Trains the entity tagging model using the most recent dataset

Uses the trained model to tag entities in unseen videos

Now, let’s take a look at a more complex real-world scenario. Let’s assume we know the implementation details for model training of any machine learning model architecture.

5.3 Synchronous and asynchronous patterns: Accelerating workflows with concurrency

Each model training step in the system takes a long time to complete; however, their durations may vary across different model architectures or model parameters. Imagine an extreme case where one of the model training steps takes two weeks to complete since it is training a complex machine learning model that requires a huge amount of computational resources. All other model training steps only take one week to complete. Many of the steps, such as model selection and model serving, in the machine learning workflow we built earlier that uses the fan-in and fan-out patterns will have to wait an additional week until this long-running model training step is completed. A diagram that illustrates the duration differences among the three model training steps is shown in figure 5.14.

Figure 5.14 A workflow that illustrates the duration differences for the three model training steps

One of the model training steps takes two weeks to complete since it is training a complex machine learning model that requires a huge amount of computational resources, whereas each of the rest of the model training steps only takes one week to complete.

The following steps will have to wait for an additional week until this long-running model training step is completed.

In this case, since the model selection step and the steps following it require all model training steps to finish, the model training step that takes two weeks to complete will slow down the workflow by an entire week. We would rather use that additional week to re-execute all the model training steps that take one week to complete instead of wasting time waiting for one step!

5.3.1 The problem We want to build a machine learning workflow that trains different models and then selects the top two models to use for model serving, which generates predictions based on the knowledge of both models. Due to varying completion times for each model training step in the existing machine learning workflow, the start of the following steps, such as the model selection step and the model serving, depends on the completion of the previous steps.

However, a problem occurs when at least one of the model training steps takes much longer to complete than the remaining steps because the model selection step that follows can only start after this long model training step has completed. As a result, the entire workflow is delayed by this particularly long-running step. Is there a way to accelerate this workflow so it will not be affected by the duration of individual steps?

5.3.2 The solution We want to build the same machine learning workflow as we did previously, which would train different models after the system has ingested data from the data source, select the top two models, and then use these two models to provide model serving to generate predictions using knowledge from both models.

However, this time we noticed a performance bottleneck because the start of each following step, such as model selection and model serving, depends on the completion of its previous steps. In our case, we have one long-running model training step that must complete before we can proceed to the next step.

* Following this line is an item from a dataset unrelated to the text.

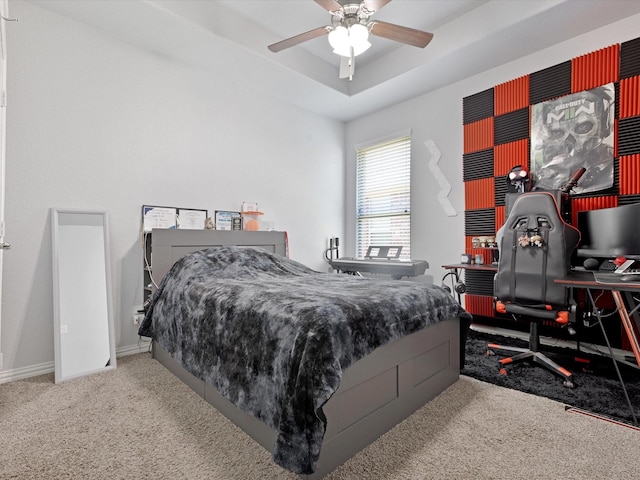 carpeted bedroom with baseboards and a ceiling fan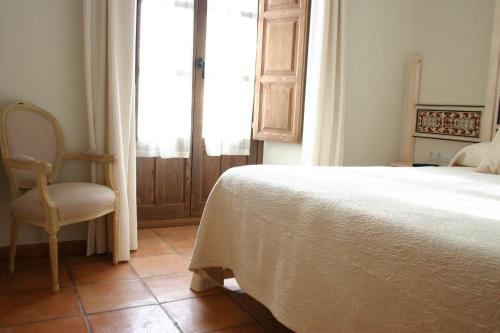 a bedroom with a bed and a chair and a window at Hostal Santa María de Úbeda in Úbeda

What if we can exclude the long-running model training step completely? Once we do that, the rest of the model training steps will have consistent completion times. Thus, the remaining steps in the workflow can be executed without waiting for a particular step that’s still running. A diagram of the updated workflow is shown in figure 5.15.

This naive approach may resolve our problem of extra waiting time for long-running steps. However, our original goal was to use this type of complex workflow to experiment with different machine learning model architectures and different sets of hyperparameters of those models to select the best-performing models to use for model serving. If we simply exclude the long-running model training step, we are essentially throwing away the opportunity to experiment with advanced models that may better capture the entities in the videos.

Is there a better way to speed up the workflow so that it will not be affected by the duration of this individual step? Let’s focus on the model training steps that only take one week to complete. What can we do when those short-running model training steps are complete?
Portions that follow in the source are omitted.